Work to be completed - Look through the data below and, wherever a line carries the word "Thumbnail", please copy that line.

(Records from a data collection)
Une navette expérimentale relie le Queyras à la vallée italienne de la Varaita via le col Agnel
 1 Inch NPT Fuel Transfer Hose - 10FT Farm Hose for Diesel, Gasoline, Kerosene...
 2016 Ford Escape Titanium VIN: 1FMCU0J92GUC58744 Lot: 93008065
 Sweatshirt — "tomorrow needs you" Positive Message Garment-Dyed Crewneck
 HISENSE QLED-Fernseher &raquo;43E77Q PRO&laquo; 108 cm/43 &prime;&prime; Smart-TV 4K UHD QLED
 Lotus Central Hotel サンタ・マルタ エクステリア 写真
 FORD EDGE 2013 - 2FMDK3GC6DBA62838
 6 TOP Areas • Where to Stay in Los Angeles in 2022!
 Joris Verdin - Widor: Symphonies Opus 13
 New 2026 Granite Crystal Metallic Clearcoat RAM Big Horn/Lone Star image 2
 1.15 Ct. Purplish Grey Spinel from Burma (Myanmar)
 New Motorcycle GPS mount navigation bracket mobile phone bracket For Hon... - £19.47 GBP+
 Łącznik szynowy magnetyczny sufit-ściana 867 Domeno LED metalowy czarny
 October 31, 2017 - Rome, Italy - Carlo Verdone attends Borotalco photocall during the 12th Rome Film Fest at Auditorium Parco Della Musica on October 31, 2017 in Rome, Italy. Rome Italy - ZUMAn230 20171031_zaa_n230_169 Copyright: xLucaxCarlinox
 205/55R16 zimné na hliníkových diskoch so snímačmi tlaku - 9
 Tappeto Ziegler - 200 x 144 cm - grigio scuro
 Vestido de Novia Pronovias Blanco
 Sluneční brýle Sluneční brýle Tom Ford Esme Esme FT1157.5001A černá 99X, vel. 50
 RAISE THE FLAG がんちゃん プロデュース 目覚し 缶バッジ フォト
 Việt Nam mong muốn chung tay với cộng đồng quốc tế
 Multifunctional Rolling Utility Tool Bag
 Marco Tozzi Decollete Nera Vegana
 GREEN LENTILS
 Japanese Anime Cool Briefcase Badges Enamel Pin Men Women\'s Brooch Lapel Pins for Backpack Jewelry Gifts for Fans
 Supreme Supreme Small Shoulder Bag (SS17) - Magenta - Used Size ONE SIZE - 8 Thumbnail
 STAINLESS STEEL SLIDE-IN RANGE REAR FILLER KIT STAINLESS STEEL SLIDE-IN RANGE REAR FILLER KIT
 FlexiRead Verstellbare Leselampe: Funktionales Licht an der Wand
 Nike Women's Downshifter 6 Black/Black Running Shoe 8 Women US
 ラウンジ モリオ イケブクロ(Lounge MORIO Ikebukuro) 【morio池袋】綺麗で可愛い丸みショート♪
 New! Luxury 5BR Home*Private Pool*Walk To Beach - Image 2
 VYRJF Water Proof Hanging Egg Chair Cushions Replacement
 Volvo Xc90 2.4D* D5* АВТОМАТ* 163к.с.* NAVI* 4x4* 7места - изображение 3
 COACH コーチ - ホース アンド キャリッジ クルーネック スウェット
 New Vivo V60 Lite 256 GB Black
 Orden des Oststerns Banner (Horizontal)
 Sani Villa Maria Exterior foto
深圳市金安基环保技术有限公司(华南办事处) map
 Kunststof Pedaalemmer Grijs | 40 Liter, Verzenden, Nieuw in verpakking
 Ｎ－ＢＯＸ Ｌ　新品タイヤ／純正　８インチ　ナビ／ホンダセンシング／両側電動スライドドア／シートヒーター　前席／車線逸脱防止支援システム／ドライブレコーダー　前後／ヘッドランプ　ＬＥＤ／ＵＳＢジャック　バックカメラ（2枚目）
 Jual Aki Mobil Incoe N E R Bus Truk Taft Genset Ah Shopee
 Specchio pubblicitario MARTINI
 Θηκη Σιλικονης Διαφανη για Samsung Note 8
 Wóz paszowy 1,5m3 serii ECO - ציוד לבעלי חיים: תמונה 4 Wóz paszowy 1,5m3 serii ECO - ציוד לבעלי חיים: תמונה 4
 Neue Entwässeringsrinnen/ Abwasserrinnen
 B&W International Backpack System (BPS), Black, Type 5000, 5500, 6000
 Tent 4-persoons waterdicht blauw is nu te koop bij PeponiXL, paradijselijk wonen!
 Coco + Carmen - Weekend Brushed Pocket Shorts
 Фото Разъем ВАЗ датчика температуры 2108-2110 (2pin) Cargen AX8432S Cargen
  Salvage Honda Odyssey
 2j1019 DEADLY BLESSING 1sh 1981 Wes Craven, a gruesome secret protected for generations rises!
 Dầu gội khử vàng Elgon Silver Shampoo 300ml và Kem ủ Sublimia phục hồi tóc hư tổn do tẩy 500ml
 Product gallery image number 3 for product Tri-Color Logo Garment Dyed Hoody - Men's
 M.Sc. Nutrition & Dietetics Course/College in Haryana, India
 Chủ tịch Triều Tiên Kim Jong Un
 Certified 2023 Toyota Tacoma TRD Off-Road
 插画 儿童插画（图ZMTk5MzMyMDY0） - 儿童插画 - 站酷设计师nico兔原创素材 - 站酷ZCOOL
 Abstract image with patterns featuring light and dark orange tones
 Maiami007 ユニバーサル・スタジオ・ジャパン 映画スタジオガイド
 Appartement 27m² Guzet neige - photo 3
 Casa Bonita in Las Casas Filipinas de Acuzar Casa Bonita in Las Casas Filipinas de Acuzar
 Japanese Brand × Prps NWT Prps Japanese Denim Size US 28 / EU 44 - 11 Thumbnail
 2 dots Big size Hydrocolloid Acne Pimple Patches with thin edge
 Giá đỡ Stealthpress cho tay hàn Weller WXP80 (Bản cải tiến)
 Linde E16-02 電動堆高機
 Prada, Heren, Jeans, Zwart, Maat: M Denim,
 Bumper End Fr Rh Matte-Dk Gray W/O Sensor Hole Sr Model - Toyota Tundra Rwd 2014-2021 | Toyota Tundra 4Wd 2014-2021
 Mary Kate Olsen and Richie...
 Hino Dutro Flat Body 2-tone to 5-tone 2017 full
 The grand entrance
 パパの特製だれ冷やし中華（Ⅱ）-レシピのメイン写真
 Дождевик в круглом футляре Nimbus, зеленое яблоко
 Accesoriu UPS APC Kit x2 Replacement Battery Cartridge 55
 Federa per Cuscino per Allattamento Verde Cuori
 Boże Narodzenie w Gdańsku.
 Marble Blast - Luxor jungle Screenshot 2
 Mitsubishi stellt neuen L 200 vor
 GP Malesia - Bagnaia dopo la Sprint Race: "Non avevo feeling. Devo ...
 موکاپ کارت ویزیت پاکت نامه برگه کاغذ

The completed task -
 Supreme Supreme Small Shoulder Bag (SS17) - Magenta - Used Size ONE SIZE - 8 Thumbnail
 Japanese Brand × Prps NWT Prps Japanese Denim Size US 28 / EU 44 - 11 Thumbnail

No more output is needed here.